[Records from a data source]
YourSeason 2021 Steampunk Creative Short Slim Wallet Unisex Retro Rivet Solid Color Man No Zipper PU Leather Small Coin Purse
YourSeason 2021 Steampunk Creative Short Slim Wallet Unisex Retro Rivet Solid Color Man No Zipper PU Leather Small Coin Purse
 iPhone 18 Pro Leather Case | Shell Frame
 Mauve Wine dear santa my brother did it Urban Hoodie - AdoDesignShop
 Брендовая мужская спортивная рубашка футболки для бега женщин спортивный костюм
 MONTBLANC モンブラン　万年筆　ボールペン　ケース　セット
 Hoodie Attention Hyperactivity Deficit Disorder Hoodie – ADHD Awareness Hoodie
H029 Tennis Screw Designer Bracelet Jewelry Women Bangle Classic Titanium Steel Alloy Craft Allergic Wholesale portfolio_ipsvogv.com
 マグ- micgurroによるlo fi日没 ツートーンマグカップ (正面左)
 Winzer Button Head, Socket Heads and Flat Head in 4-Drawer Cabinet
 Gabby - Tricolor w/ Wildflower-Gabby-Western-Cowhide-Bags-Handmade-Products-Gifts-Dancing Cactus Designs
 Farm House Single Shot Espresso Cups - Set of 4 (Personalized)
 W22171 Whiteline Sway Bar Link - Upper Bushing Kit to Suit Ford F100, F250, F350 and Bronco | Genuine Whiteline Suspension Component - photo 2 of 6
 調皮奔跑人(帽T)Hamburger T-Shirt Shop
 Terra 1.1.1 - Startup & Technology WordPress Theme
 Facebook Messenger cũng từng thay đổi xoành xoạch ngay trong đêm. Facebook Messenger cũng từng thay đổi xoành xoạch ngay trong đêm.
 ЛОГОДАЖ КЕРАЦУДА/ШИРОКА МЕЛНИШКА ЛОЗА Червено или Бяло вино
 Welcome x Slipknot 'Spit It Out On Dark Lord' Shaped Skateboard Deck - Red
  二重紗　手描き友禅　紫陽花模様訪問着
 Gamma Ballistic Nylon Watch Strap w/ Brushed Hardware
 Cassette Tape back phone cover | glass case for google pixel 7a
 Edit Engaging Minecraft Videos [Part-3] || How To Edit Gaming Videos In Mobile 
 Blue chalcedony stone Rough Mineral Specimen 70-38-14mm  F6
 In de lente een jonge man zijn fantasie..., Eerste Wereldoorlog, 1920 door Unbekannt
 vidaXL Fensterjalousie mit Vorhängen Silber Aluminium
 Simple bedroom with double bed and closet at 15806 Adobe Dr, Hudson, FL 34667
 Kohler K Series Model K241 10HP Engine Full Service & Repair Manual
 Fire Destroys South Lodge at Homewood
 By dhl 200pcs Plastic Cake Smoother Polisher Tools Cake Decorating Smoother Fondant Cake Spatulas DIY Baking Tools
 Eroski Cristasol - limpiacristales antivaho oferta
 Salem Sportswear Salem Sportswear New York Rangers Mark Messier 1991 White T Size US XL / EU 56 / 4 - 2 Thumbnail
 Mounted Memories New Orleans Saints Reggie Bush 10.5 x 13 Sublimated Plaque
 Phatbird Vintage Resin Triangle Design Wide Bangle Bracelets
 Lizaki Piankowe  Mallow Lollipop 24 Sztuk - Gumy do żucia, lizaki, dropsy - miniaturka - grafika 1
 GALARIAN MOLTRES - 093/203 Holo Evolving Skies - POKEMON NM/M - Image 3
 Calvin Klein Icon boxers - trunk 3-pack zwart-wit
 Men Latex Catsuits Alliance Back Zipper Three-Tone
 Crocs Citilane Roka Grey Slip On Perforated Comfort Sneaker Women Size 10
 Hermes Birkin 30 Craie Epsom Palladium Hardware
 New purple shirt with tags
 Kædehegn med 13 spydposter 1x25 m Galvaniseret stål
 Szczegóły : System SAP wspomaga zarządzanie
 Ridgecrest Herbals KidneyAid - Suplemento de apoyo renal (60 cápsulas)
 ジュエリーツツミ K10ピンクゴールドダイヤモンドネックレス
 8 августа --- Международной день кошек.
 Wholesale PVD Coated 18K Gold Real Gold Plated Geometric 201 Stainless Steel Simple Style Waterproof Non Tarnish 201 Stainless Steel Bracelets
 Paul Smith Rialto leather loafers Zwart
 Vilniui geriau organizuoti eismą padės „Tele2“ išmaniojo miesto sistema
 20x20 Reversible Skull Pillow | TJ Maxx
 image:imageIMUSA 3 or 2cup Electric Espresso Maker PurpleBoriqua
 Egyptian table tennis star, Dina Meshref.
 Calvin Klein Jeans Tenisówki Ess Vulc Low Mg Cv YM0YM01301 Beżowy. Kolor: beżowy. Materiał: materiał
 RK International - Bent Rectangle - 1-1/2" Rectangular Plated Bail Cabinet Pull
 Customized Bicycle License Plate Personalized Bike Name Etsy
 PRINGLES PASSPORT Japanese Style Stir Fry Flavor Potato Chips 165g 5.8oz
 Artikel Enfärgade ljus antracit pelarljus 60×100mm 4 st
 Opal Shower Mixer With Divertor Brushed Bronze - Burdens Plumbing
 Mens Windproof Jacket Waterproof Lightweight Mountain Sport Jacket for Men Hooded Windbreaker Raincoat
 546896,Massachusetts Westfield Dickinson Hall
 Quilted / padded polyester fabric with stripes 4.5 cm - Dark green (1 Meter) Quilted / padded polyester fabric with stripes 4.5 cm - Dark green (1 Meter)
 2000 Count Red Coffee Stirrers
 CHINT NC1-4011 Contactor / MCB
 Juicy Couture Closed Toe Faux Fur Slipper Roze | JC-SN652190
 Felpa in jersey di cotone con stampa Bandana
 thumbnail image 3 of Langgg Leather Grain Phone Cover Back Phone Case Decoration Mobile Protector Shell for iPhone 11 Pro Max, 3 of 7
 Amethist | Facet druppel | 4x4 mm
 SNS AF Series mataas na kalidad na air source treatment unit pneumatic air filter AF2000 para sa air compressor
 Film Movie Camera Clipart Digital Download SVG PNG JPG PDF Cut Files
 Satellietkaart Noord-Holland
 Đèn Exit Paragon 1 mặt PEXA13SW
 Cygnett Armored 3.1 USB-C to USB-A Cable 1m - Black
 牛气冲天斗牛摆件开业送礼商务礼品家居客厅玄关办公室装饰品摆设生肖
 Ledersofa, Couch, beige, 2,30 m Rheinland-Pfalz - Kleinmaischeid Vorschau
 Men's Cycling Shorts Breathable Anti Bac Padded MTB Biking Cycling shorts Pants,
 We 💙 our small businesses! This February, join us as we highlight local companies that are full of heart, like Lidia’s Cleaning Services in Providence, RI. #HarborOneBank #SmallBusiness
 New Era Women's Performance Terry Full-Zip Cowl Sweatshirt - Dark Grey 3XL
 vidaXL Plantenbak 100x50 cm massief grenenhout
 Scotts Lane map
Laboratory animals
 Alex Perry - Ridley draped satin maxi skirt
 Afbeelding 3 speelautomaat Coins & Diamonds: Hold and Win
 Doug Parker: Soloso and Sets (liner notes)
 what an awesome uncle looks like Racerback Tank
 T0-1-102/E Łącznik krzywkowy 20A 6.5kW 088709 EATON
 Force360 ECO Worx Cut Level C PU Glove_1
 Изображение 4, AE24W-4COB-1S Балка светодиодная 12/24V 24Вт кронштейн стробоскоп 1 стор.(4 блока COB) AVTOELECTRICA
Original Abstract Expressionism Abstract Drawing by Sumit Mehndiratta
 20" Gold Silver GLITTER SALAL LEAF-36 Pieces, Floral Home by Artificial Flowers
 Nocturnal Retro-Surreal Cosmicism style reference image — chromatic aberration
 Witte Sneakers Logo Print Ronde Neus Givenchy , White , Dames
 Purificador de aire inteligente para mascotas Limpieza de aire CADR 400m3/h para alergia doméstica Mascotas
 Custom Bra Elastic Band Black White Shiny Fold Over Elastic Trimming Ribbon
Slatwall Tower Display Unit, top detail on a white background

■ ABOUT THIS EXERCISE
Restate word for word the lines above, beginning at the first one and ending at the line that carries "Gabby - Tricolor".

■ FINAL ANSWER
YourSeason 2021 Steampunk Creative Short Slim Wallet Unisex Retro Rivet Solid Color Man No Zipper PU Leather Small Coin Purse
YourSeason 2021 Steampunk Creative Short Slim Wallet Unisex Retro Rivet Solid Color Man No Zipper PU Leather Small Coin Purse
 iPhone 18 Pro Leather Case | Shell Frame
 Mauve Wine dear santa my brother did it Urban Hoodie - AdoDesignShop
 Брендовая мужская спортивная рубашка футболки для бега женщин спортивный костюм
 MONTBLANC モンブラン　万年筆　ボールペン　ケース　セット
 Hoodie Attention Hyperactivity Deficit Disorder Hoodie – ADHD Awareness Hoodie
H029 Tennis Screw Designer Bracelet Jewelry Women Bangle Classic Titanium Steel Alloy Craft Allergic Wholesale portfolio_ipsvogv.com
 マグ- micgurroによるlo fi日没 ツートーンマグカップ (正面左)
 Winzer Button Head, Socket Heads and Flat Head in 4-Drawer Cabinet
 Gabby - Tricolor w/ Wildflower-Gabby-Western-Cowhide-Bags-Handmade-Products-Gifts-Dancing Cactus Designs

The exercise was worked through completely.